» **Crawled caption data**
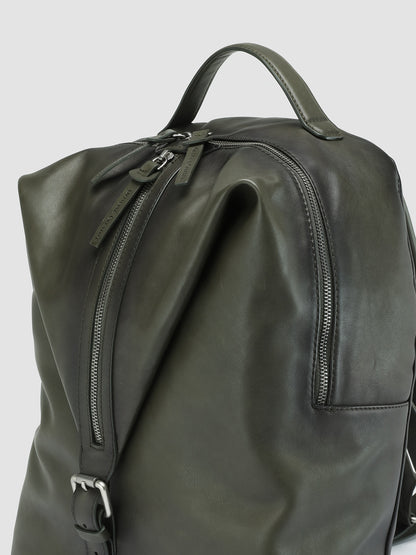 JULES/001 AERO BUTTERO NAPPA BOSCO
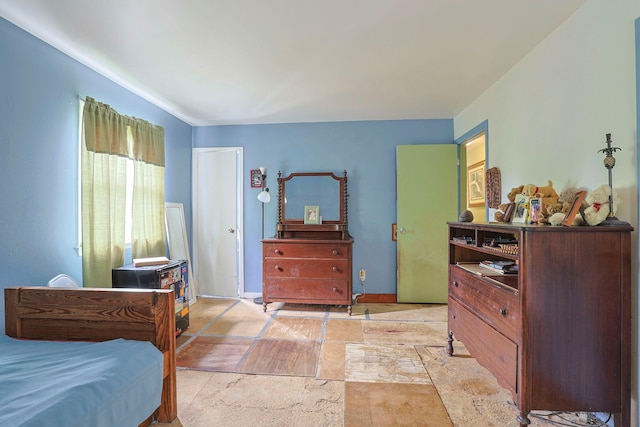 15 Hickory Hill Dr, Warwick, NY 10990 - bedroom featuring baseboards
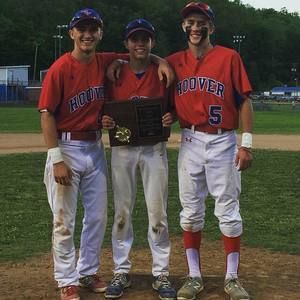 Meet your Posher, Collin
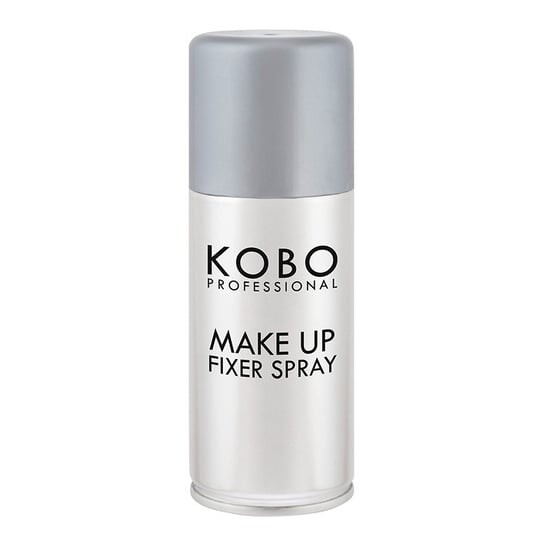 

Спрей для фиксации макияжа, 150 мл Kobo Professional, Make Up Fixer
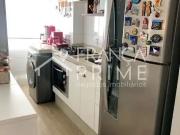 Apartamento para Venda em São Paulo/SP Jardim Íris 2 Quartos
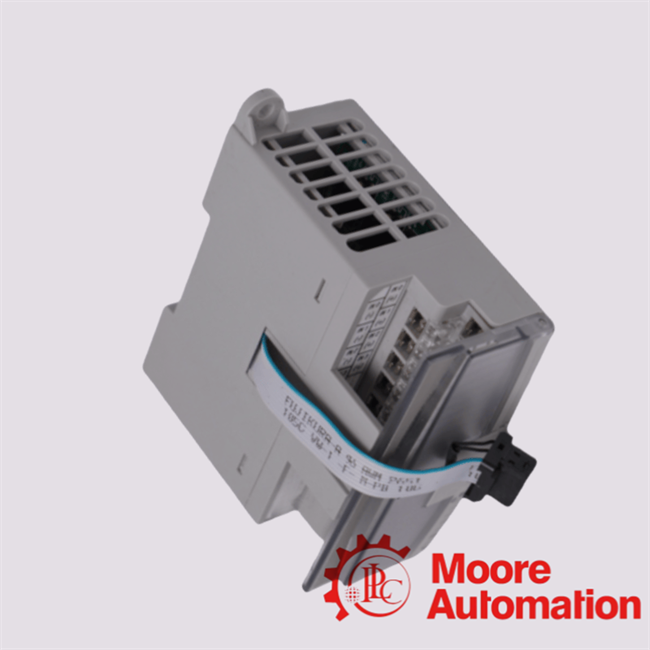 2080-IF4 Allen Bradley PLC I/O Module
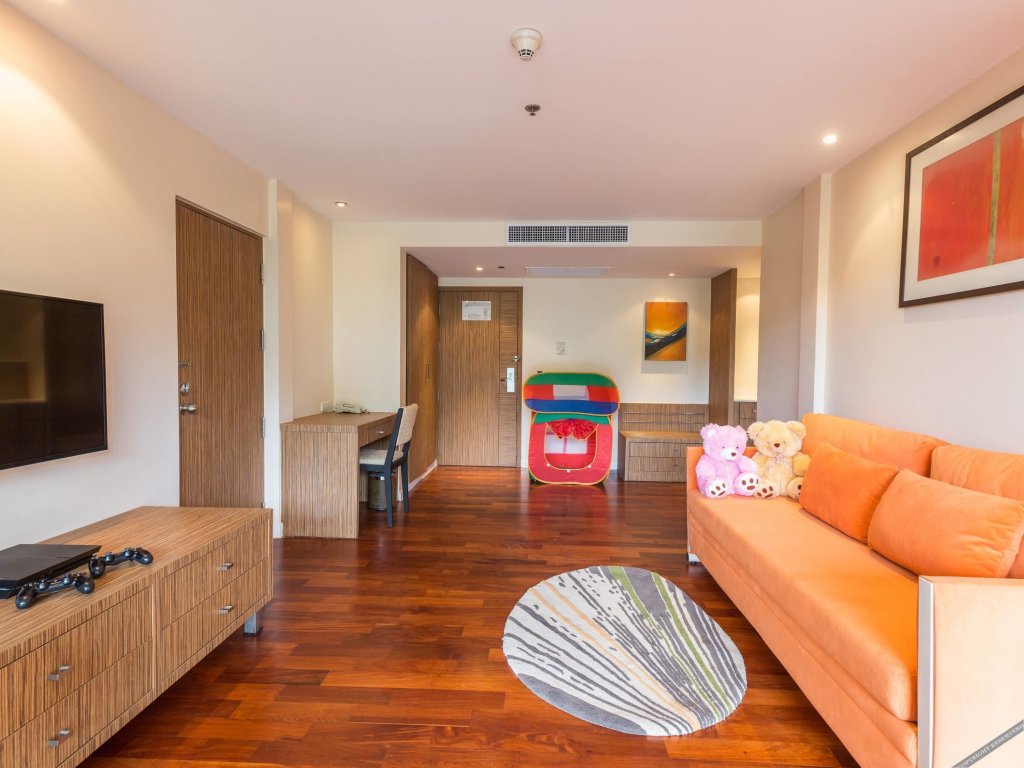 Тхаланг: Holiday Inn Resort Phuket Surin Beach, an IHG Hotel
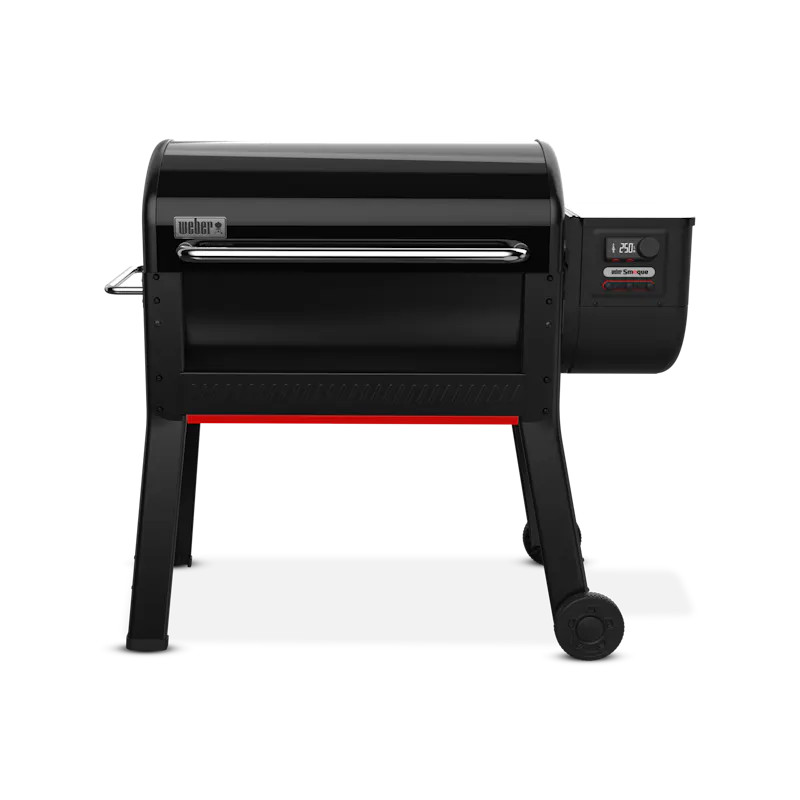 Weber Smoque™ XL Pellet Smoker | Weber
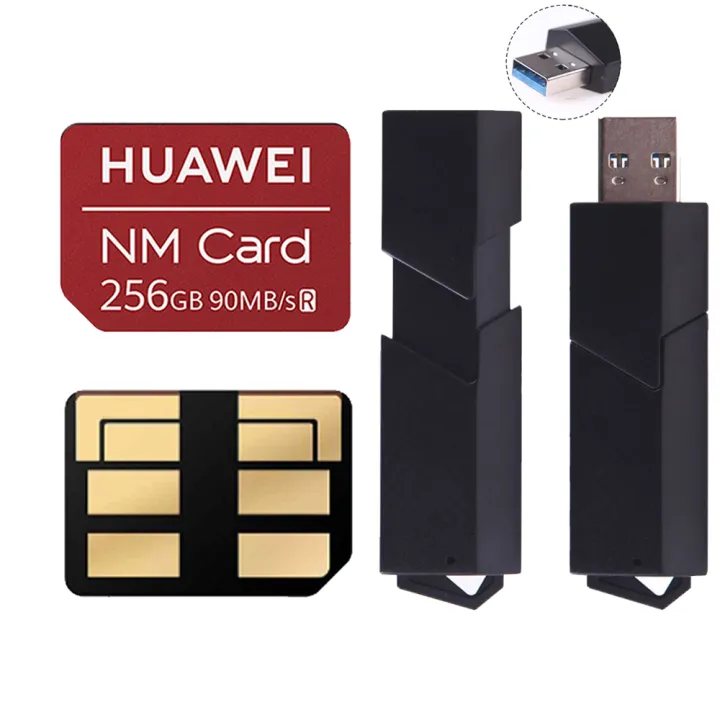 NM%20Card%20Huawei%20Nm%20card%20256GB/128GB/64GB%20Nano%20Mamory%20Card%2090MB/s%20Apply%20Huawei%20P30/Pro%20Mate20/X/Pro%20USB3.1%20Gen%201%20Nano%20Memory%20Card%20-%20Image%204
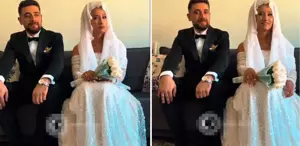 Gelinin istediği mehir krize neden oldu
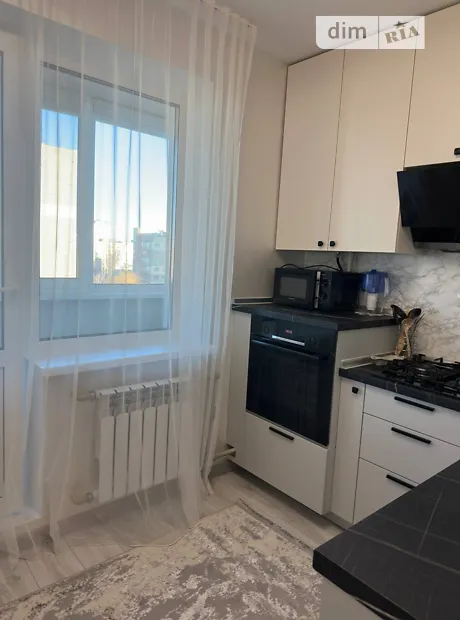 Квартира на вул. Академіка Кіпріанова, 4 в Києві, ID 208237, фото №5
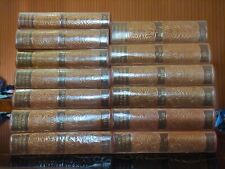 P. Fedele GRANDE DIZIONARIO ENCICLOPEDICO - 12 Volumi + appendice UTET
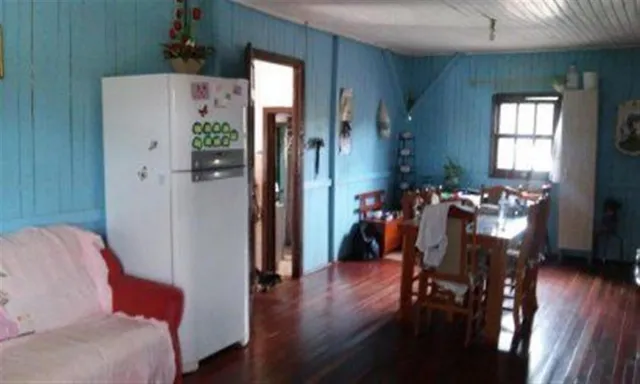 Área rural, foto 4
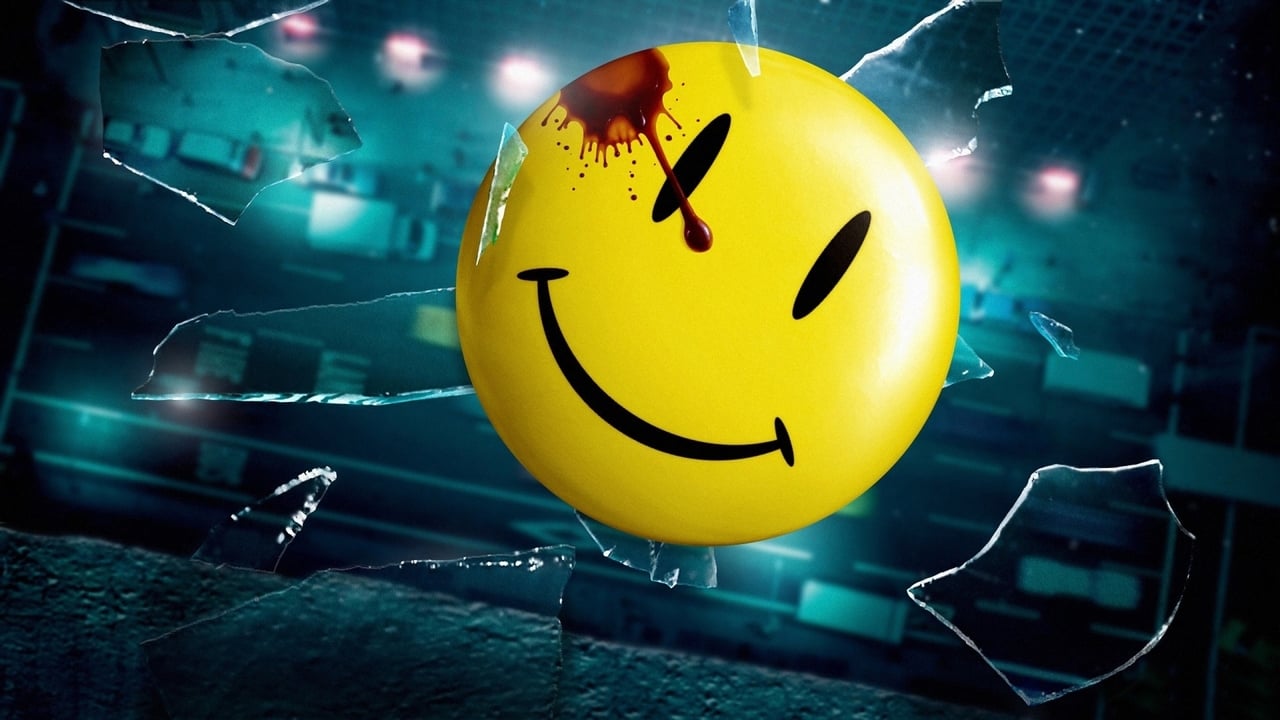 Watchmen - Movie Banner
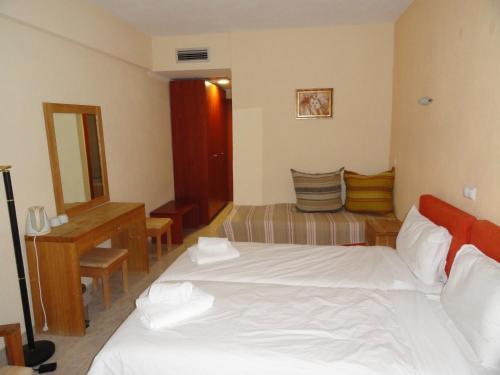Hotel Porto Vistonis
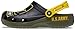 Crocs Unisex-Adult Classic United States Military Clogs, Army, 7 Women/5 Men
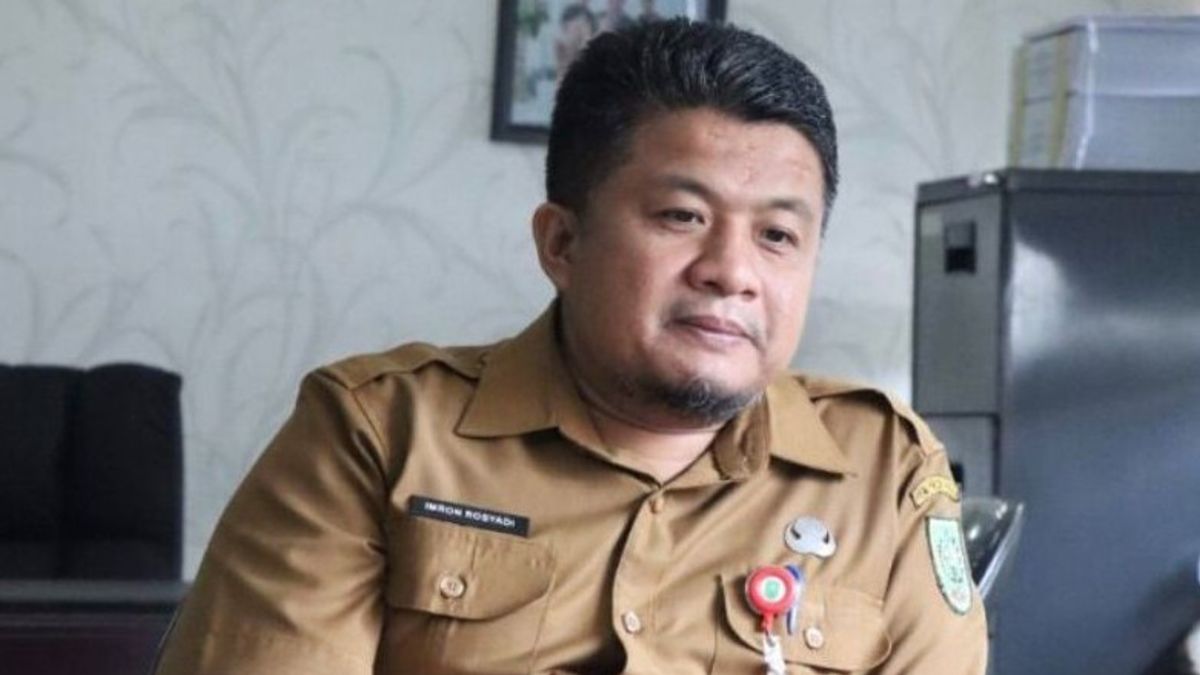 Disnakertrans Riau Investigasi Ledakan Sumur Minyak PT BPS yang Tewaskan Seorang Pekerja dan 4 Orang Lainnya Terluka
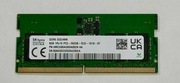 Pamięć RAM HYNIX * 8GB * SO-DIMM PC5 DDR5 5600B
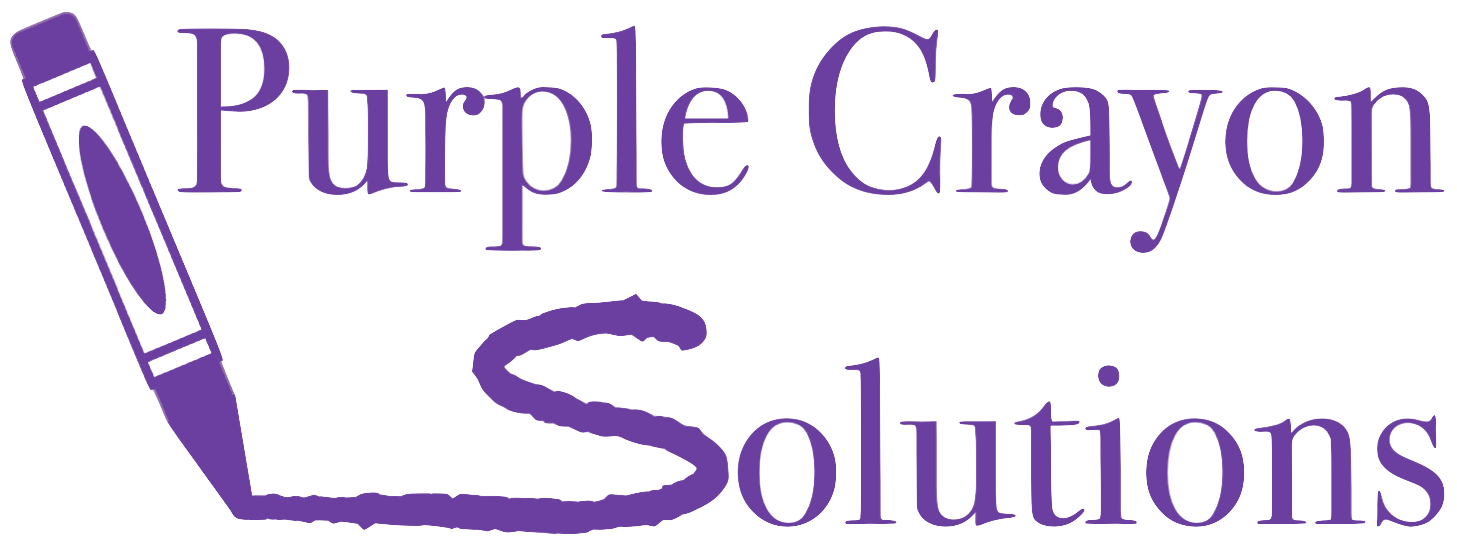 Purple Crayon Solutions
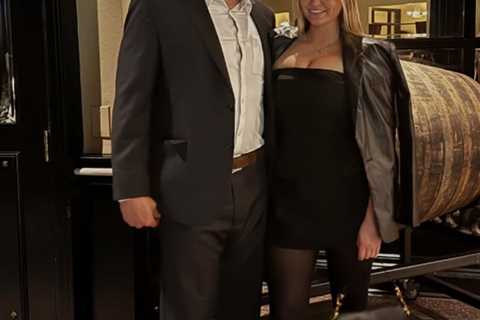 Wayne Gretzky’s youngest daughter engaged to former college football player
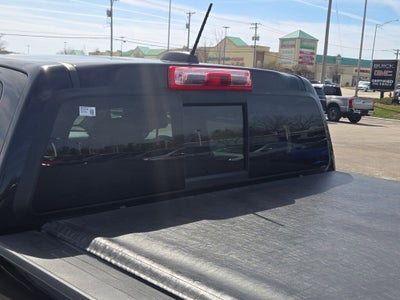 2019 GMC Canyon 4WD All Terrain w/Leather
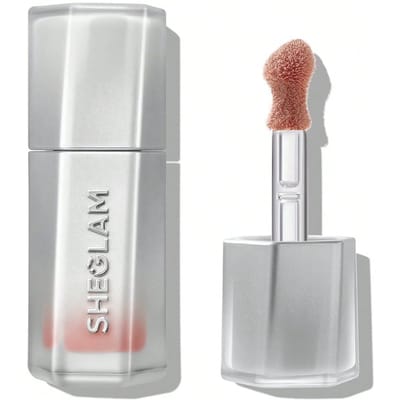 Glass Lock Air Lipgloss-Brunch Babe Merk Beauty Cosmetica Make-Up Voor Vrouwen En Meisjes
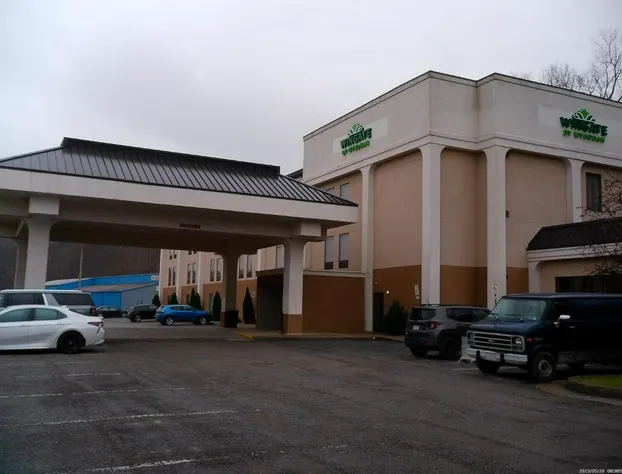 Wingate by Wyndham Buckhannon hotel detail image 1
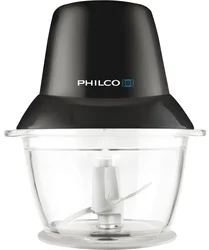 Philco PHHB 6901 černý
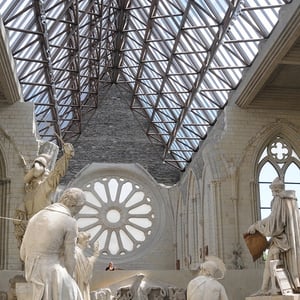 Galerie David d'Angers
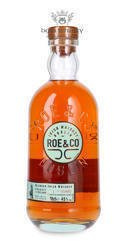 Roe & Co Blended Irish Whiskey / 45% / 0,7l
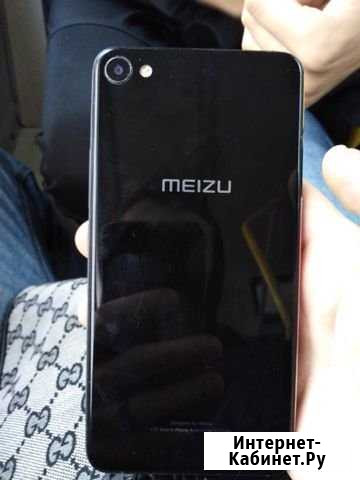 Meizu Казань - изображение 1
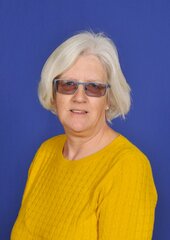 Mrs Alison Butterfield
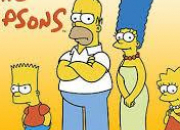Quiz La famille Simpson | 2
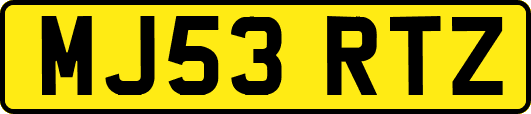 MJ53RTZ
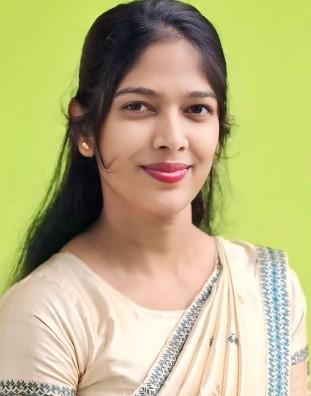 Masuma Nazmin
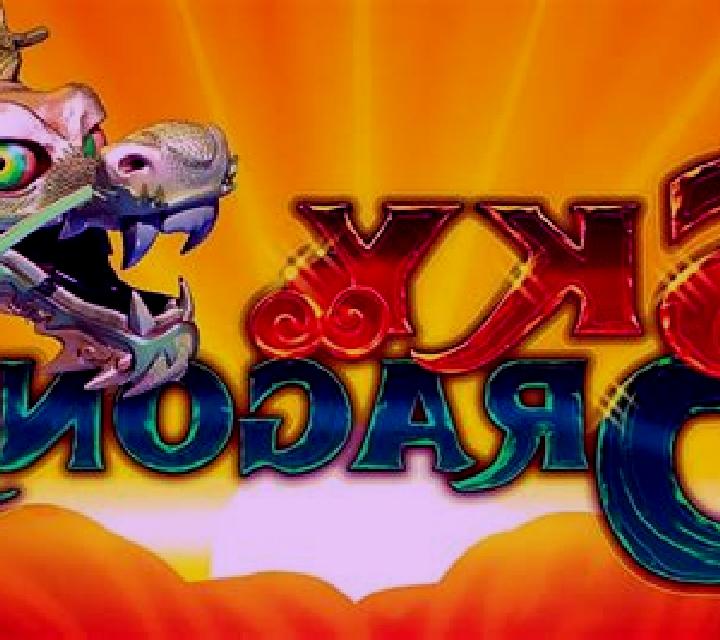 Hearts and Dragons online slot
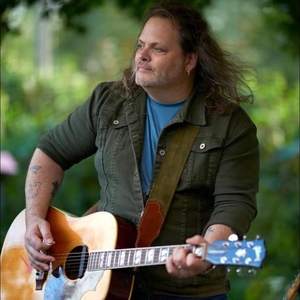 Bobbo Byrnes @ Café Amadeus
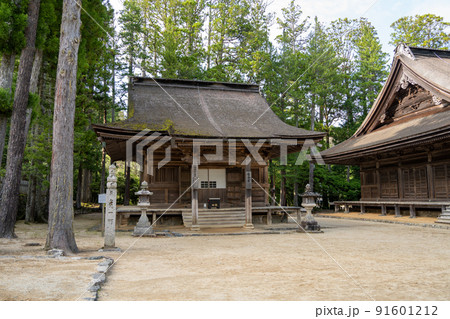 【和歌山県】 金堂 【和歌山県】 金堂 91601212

» **Exercise aim**
Copy back exactly the lines above from the one containing "Спрей для фиксации" through the one containing "2019 GMC Canyon 4WD All Terrain w/Leather", and leave every picture behind.

» **Answer**
Спрей для фиксации макияжа, 150 мл Kobo Professional, Make Up Fixer
 Apartamento para Venda em São Paulo/SP Jardim Íris 2 Quartos
 2080-IF4 Allen Bradley PLC I/O Module
 Тхаланг: Holiday Inn Resort Phuket Surin Beach, an IHG Hotel
 Weber Smoque™ XL Pellet Smoker | Weber
 NM%20Card%20Huawei%20Nm%20card%20256GB/128GB/64GB%20Nano%20Mamory%20Card%2090MB/s%20Apply%20Huawei%20P30/Pro%20Mate20/X/Pro%20USB3.1%20Gen%201%20Nano%20Memory%20Card%20-%20Image%204
 Gelinin istediği mehir krize neden oldu
 Квартира на вул. Академіка Кіпріанова, 4 в Києві, ID 208237, фото №5
 P. Fedele GRANDE DIZIONARIO ENCICLOPEDICO - 12 Volumi + appendice UTET
 Área rural, foto 4
 Watchmen - Movie Banner
Hotel Porto Vistonis
 Crocs Unisex-Adult Classic United States Military Clogs, Army, 7 Women/5 Men
 Disnakertrans Riau Investigasi Ledakan Sumur Minyak PT BPS yang Tewaskan Seorang Pekerja dan 4 Orang Lainnya Terluka
 Pamięć RAM HYNIX * 8GB * SO-DIMM PC5 DDR5 5600B
 Purple Crayon Solutions
 Wayne Gretzky’s youngest daughter engaged to former college football player
 2019 GMC Canyon 4WD All Terrain w/Leather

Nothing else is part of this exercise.